Task statement: Once you reach the line with "Une porte richement", copy it and every line after it exactly, up to the end of the data. Omit the pictures.

Material provided:
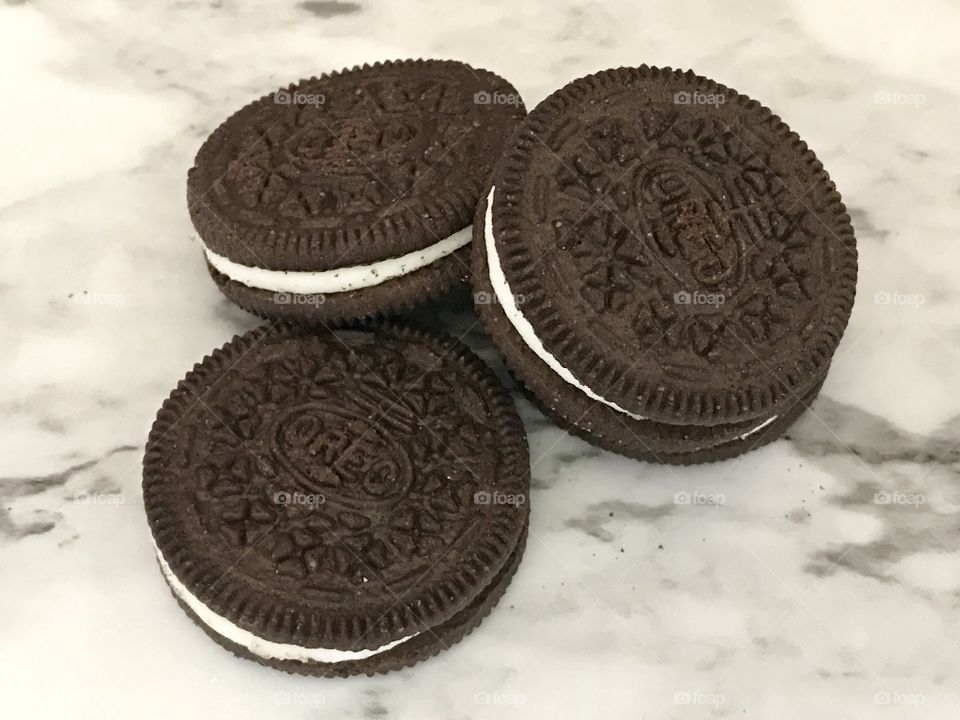 A pile of chocolate double stuffed Oreo cookies on a  marble background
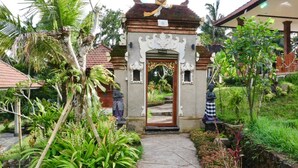 Une porte richement décorée, en bois, entourée d’une végétation luxuriante et de plantes tropicales.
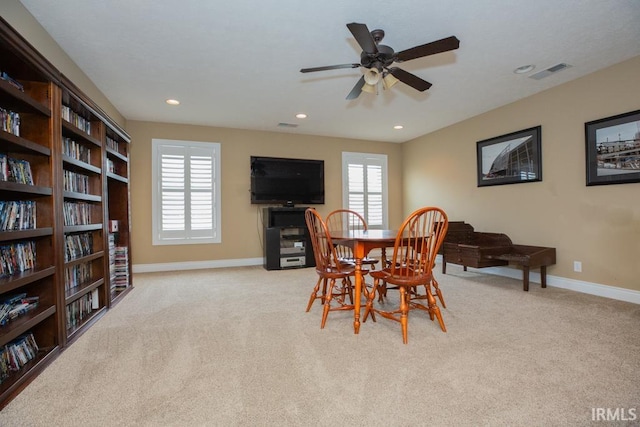 carpeted dining room featuring plenty of natural light and ceiling fan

Written solution:
 Une porte richement décorée, en bois, entourée d’une végétation luxuriante et de plantes tropicales.
 carpeted dining room featuring plenty of natural light and ceiling fan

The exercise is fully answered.